[Collected data entries]
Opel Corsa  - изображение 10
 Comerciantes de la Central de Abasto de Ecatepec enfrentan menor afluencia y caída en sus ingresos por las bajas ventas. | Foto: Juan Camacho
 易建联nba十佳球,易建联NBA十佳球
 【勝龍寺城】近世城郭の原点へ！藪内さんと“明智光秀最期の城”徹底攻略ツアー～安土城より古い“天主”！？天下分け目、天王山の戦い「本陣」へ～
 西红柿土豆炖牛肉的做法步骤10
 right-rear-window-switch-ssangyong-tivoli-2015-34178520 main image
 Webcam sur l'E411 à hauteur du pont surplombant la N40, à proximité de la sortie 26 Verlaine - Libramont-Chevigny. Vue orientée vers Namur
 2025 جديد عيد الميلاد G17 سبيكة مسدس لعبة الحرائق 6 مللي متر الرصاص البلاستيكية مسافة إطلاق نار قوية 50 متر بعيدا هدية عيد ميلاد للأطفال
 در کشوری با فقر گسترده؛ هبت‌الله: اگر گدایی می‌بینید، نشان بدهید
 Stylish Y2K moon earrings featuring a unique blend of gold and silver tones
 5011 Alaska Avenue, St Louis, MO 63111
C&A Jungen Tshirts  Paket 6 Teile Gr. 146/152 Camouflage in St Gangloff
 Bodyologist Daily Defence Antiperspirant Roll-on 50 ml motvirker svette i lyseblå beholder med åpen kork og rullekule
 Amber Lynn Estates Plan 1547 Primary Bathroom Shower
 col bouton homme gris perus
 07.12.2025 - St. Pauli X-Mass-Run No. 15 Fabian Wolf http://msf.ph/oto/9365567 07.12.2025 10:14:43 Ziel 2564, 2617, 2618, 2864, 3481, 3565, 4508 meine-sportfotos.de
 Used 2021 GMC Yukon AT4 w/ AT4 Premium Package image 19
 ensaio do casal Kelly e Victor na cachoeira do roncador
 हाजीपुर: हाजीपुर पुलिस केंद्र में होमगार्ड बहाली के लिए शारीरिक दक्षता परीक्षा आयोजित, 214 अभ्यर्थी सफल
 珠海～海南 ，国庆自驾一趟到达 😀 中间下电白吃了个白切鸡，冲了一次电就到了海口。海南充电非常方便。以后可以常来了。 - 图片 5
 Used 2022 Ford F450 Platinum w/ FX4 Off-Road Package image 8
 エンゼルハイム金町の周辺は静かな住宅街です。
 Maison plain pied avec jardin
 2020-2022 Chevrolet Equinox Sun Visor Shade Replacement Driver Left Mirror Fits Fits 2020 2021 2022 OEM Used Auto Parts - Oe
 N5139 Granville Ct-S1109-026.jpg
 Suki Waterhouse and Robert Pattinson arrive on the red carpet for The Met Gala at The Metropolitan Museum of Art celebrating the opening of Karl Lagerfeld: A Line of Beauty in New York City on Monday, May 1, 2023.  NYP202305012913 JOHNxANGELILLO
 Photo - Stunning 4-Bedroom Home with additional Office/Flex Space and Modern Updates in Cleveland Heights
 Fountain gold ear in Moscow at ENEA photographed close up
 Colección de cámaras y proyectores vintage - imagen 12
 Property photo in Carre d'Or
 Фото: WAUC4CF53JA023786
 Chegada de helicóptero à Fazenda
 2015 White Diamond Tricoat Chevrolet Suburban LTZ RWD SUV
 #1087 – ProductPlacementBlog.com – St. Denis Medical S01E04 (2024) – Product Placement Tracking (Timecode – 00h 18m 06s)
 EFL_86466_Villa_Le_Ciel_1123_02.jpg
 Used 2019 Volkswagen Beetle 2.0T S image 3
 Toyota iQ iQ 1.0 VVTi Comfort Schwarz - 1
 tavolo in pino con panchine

▶ [Description of the task]
In your answer, include only the lines above starting at the line that holds "エンゼルハイム金町の周辺は静かな住宅街です。" and ending at the line that holds "N5139 Granville Ct-S1109-026.jpg", copied exactly.

▶ [Solution for this problem]
 エンゼルハイム金町の周辺は静かな住宅街です。
 Maison plain pied avec jardin
 2020-2022 Chevrolet Equinox Sun Visor Shade Replacement Driver Left Mirror Fits Fits 2020 2021 2022 OEM Used Auto Parts - Oe
 N5139 Granville Ct-S1109-026.jpg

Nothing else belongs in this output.